Recorded data
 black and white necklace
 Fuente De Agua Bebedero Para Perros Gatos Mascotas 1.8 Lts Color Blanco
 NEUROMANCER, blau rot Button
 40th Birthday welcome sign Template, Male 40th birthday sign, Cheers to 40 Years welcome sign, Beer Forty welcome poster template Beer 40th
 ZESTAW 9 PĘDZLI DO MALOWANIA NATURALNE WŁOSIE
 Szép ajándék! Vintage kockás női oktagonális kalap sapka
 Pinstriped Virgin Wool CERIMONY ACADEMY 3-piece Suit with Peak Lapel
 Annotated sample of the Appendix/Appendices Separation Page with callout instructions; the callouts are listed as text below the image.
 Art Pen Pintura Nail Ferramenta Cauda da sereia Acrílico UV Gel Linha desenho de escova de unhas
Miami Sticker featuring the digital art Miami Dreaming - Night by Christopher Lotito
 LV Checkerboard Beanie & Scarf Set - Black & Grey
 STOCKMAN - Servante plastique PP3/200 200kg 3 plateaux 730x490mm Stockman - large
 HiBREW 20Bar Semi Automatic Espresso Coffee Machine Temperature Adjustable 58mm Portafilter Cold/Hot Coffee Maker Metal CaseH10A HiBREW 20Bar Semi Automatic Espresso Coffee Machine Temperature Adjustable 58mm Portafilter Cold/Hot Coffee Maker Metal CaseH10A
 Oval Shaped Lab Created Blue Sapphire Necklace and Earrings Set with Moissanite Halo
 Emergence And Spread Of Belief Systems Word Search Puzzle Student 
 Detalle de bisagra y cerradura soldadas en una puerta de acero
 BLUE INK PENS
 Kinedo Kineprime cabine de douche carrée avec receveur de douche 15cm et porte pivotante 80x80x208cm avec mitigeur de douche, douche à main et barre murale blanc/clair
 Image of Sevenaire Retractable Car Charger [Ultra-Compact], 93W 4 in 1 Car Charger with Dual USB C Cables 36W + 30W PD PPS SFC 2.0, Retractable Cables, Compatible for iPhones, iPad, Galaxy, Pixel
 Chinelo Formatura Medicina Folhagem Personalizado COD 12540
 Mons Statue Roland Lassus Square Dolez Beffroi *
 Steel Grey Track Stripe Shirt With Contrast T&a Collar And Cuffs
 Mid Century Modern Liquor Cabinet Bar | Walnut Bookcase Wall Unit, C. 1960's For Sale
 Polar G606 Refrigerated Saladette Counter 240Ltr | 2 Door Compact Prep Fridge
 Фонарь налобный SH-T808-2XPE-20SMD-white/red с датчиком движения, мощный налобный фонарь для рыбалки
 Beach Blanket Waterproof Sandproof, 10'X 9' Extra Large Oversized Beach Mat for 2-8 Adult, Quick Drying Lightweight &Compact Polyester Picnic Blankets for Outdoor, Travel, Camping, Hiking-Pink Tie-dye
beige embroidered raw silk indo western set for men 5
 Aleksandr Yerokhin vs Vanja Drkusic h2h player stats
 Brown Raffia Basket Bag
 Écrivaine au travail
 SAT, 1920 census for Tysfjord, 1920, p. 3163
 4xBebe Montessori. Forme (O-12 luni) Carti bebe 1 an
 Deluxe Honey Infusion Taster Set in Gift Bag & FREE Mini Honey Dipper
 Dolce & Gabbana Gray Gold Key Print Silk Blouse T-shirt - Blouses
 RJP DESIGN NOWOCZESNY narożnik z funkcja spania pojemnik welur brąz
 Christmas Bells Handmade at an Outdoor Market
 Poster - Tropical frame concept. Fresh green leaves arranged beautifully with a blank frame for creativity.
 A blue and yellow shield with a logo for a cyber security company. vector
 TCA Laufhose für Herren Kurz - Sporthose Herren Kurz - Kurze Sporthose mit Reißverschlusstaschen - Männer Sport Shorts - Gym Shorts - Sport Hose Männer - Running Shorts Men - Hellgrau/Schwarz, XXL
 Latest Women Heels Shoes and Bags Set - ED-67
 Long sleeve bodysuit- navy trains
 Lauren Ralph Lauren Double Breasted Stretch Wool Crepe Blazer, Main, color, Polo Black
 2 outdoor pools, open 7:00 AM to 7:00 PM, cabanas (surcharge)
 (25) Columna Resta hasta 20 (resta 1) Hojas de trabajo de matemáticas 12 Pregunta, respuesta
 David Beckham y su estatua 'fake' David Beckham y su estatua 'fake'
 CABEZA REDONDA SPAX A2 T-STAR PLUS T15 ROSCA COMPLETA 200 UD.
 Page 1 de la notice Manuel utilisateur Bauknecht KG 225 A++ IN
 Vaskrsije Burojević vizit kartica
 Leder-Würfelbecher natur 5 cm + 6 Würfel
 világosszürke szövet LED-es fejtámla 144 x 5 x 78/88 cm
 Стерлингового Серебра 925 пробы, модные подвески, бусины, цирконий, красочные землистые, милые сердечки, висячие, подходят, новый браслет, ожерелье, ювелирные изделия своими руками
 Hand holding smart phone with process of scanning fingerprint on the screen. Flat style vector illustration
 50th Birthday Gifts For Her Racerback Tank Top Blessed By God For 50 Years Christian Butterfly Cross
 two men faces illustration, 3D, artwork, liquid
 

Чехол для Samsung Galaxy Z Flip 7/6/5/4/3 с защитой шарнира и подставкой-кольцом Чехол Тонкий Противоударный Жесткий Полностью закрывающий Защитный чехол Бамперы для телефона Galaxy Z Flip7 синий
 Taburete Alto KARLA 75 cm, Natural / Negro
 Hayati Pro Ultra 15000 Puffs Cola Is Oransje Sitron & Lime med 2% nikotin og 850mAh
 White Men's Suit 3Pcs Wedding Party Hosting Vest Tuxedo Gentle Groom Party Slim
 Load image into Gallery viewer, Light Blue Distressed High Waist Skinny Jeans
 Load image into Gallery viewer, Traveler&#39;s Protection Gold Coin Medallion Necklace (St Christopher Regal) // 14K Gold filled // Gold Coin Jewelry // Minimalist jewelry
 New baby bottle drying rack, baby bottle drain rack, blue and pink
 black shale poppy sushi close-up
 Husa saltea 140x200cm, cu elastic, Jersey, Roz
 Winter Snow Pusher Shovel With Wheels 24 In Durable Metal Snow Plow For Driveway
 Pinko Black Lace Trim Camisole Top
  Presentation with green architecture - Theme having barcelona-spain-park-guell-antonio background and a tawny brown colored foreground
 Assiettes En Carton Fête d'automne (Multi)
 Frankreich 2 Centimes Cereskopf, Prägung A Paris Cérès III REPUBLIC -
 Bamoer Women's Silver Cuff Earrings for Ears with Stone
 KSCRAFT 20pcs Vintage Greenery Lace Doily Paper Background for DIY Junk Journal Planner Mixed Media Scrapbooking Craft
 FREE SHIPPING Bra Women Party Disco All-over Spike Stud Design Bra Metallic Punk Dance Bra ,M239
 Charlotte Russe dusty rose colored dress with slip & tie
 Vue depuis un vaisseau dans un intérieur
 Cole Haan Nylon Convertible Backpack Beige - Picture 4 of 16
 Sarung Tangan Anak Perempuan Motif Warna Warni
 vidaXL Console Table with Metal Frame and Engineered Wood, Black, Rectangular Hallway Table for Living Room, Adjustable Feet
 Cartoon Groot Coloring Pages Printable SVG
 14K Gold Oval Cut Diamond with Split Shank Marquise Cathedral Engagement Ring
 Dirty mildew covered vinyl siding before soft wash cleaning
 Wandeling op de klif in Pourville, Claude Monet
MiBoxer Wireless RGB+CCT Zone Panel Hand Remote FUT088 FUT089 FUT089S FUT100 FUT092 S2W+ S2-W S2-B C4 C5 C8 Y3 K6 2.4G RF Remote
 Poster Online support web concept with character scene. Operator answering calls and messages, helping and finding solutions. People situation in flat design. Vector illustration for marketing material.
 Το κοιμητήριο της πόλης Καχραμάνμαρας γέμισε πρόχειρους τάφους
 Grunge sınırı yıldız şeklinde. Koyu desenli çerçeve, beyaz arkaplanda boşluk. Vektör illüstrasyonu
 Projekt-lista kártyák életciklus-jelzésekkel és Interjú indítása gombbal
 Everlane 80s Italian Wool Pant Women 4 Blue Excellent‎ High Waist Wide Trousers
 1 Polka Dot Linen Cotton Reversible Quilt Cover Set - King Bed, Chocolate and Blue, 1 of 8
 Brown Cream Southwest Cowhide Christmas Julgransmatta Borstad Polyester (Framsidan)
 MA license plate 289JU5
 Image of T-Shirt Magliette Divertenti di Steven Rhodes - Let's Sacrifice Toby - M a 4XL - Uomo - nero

Instructions to follow
Repeat only the stretch of lines that begins at the line containing "Charlotte Russe dusty" and ends at the last line above, both included.

Task answer
 Charlotte Russe dusty rose colored dress with slip & tie
 Vue depuis un vaisseau dans un intérieur
 Cole Haan Nylon Convertible Backpack Beige - Picture 4 of 16
 Sarung Tangan Anak Perempuan Motif Warna Warni
 vidaXL Console Table with Metal Frame and Engineered Wood, Black, Rectangular Hallway Table for Living Room, Adjustable Feet
 Cartoon Groot Coloring Pages Printable SVG
 14K Gold Oval Cut Diamond with Split Shank Marquise Cathedral Engagement Ring
 Dirty mildew covered vinyl siding before soft wash cleaning
 Wandeling op de klif in Pourville, Claude Monet
MiBoxer Wireless RGB+CCT Zone Panel Hand Remote FUT088 FUT089 FUT089S FUT100 FUT092 S2W+ S2-W S2-B C4 C5 C8 Y3 K6 2.4G RF Remote
 Poster Online support web concept with character scene. Operator answering calls and messages, helping and finding solutions. People situation in flat design. Vector illustration for marketing material.
 Το κοιμητήριο της πόλης Καχραμάνμαρας γέμισε πρόχειρους τάφους
 Grunge sınırı yıldız şeklinde. Koyu desenli çerçeve, beyaz arkaplanda boşluk. Vektör illüstrasyonu
 Projekt-lista kártyák életciklus-jelzésekkel és Interjú indítása gombbal
 Everlane 80s Italian Wool Pant Women 4 Blue Excellent‎ High Waist Wide Trousers
 1 Polka Dot Linen Cotton Reversible Quilt Cover Set - King Bed, Chocolate and Blue, 1 of 8
 Brown Cream Southwest Cowhide Christmas Julgransmatta Borstad Polyester (Framsidan)
 MA license plate 289JU5
 Image of T-Shirt Magliette Divertenti di Steven Rhodes - Let's Sacrifice Toby - M a 4XL - Uomo - nero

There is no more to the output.